Cutting back on dining out, limiting trips to the coffee shop and choosing cheaper, less healthy options are some of the ways a new survey finds that British Columbians are changing their eating habits amid rising food costs.
The poll, conducted by Research Co., found that the overwhelming majority of those asked reported having adjusted their spending on food over the last two months. The results, released Wednesday, found just 14 per cent of people said they have made no changes.
“We have a lot of people who say, ‘I’m not going to the coffee shop as often as I used to, I’m not buying lunch on a weekday, I’m not going out to dinner on a weekend,’ “Pollster Maria Canseco told CTV News.

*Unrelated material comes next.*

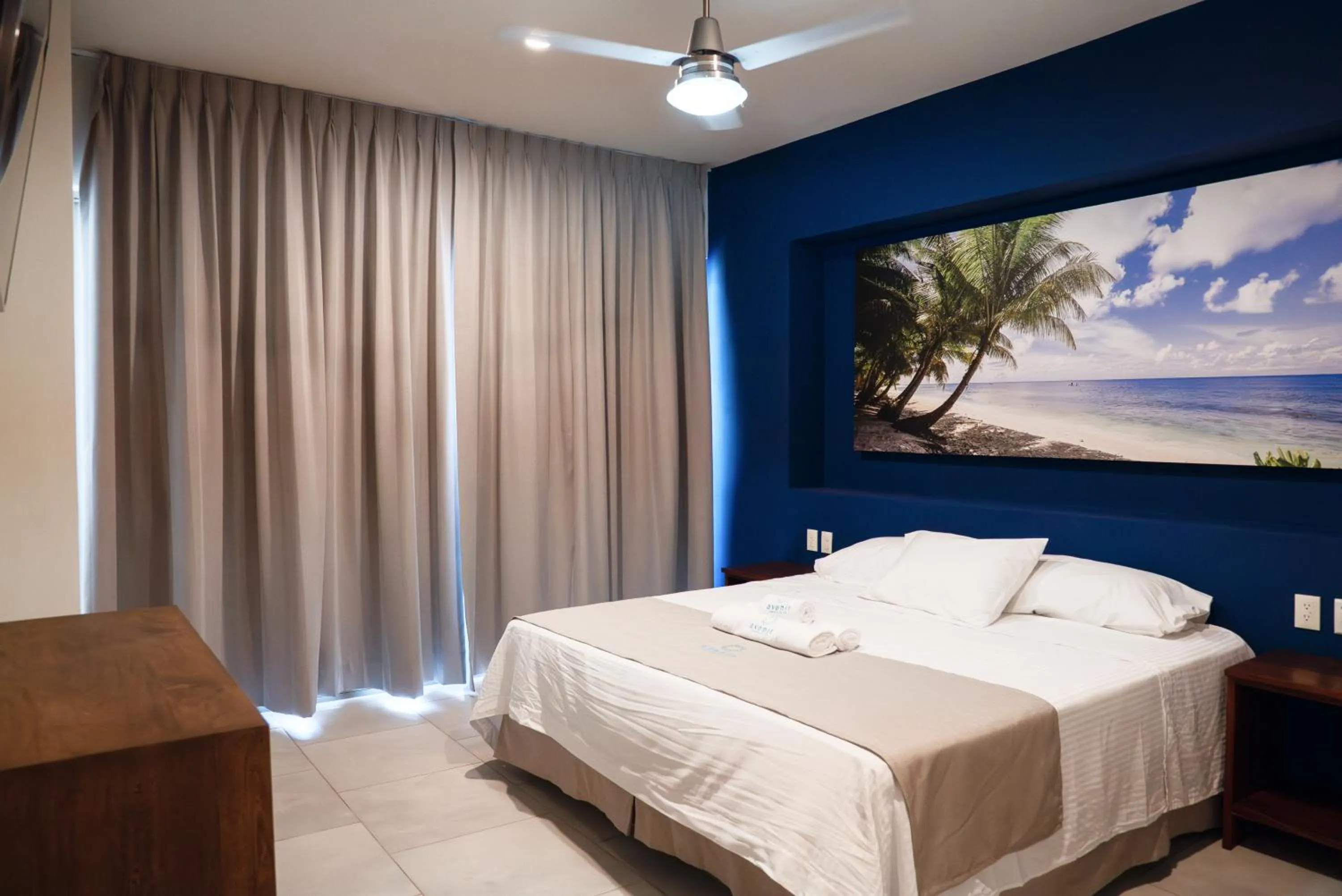 Bed in Avenir Armonia Suites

Looking at the numbers, 56 per cent said they were foregoing trips to a café, 61 per cent have cut back on lunches out, and 64 per cent have limited weekend visits to restaurants. The majority cited an increase in the cost of eating out as the reason for this change.
But rising bills at the grocery store were also something reported by four out of five respondents, and Canseco said that’s impacting what people throughout the province are choosing to purchase and consume.
“We have a third of BC residents who say, ‘My diet is not healthy.’ And the number one reason for that is, 61 per cent tell us that that they can’t afford to be more careful when it comes to their own nutrition,” he said.
“The prices are just too high for us to be as observant about nutrition as we used to.”
The most recent data available on the consumer price index in BC looked at September of 2022 and found a year-over-year increase in food costs of 9.2 per cent. The price of groceries was up 10.3 per cent, while restaurant prices were up 6.2 per cent.